Vers une reprise de l’épidémie de VIH ?

« Depuis le début du confinement, on observe une diminution massive du nombre de tests VIH réalisés en laboratoires de ville, de l’ordre de 650 000 tests de moins qu’attendu. Même après la sortie de confinement, et compte tenu de la saturation des laboratoires d’analyses médicales, nous n’observons pas un retour aux chiffres attendus sur les taux de dépistage » explique Rosemary Dray-Spira. Le dépistage est une des clés pour mettre fin à l'épidémie de VIH. En France, on estime l'épidémie non diagnostiquée de VIH à 25 000 personnes. Des personnes qui ignorent leur séropositivité, n'ont pas accès à un traitement et peuvent donc transmettent le VIH sans le savoir.

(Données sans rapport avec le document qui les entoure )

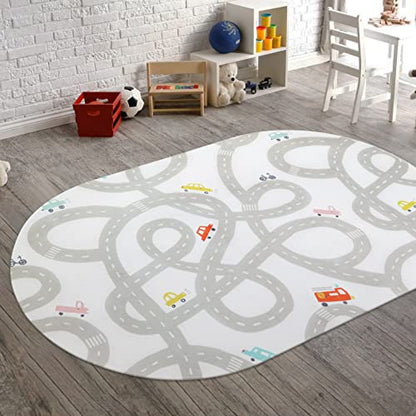 Kids Car Rug 4x6 Washable Non (Grey / 4'x6')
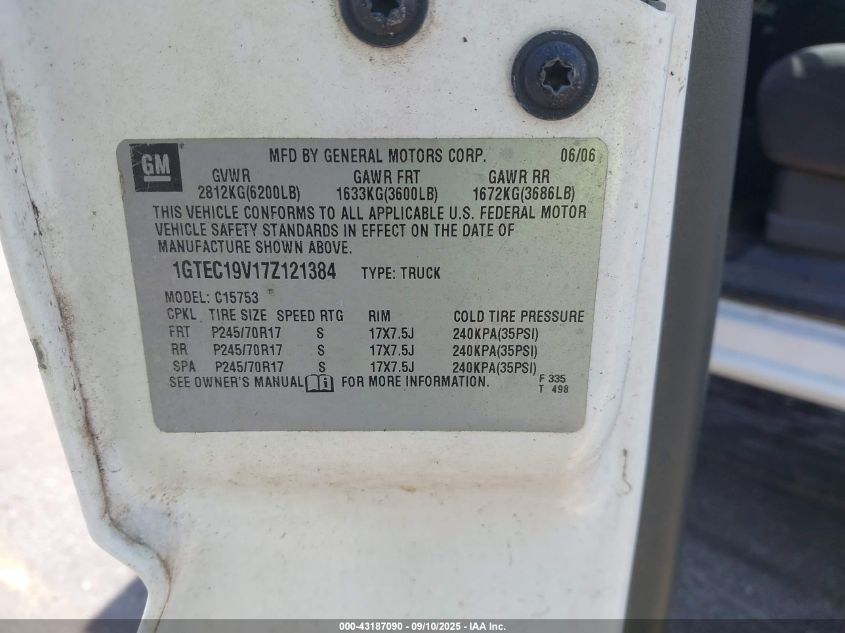 2007 GMC Sierra 1500 Classic Work Truck VIN: 1GTEC19V17Z121384 Lot: 43187090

Autre frein au dépistage du VIH et des IST, une offre perturbée des Cegidd (centres gratuits d’information, de diagnostic et de dépistage du VIH et des IST) du fait de la nécessaire application des mesures de distanciation. Tout aussi inquiétants, les chiffres de l’assurance maladie montrent également un tassement de l’augmentation d’utilisation de la Prep qui était observée jusqu’à tout début 2020. « L’épidémie de Covid-19 a profondément et durablement déstabilisé l’utilisation de la Prep et le recours aux tests VIH en laboratoire », conclue Rosemary Dray-Spira.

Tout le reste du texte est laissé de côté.